To begin the procedure, obtain the appropriate ligand solutions and glassware. Then, prepare a solution of 1.84 g of solid nickel sulfate hexahydrate and 100 mL deionized water. The green hexaaquanickel cation will form in solution.
In a fume hood, begin stirring the hexaaquanickel solution using a stir bar and stir plate. Then, add 15 mL of 5 M aqueous ammonia and wait for the solution color to change to deep blue, indicating the formation of the hexaamminenickel cation.
Next, add 10 mL of 30% ethylenediamine. The solution color change to purple indicates that ethylenediamine has displaced the ammonia, forming the tris(ethylenediamine)nickel cation.
Then, add 200 mL of 1% dimethylglyoxime in ethanol to the same beaker. The solution color change from purple to a suspension of the red powder indicates the formation of the poorly-soluble bis(dimethylglyoximato)nickel complex.

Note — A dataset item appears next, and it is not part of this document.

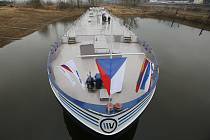 V Děčínské loděnici ve středu spustili po několika letech nově vyrobenou loď Zostera pro Nizozemskou firmu Kooiman.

Finally, add 30 mL of 1 M potassium cyanide solution. The dissolution of the red solid and the solution color change to yellow indicates that the cyano ligands have displaced the dimethylglyoximato ligands, forming the tetracyanonickelate anion.

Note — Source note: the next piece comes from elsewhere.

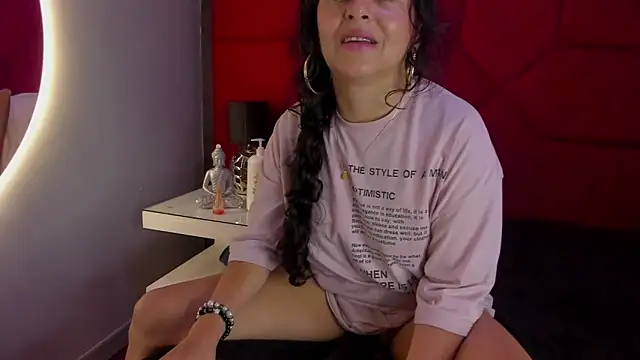 hanny milf online show from February 25, 2025, 2:54 pm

The substitution reactions were all spontaneous, following the predictions of the spectrochemical series.
The energy needed to cause electronic transitions within these complexes is predicted by the series to be lowest for water and highest for cyanide.
The complementary colors associated with each solution are red, orange, yellow, green, and blue. The energy of visible light increases from red to blue, suggesting that the absorbed photons also increase in energy as ligand strength increases, which corresponds to a larger gap between orbital energy levels.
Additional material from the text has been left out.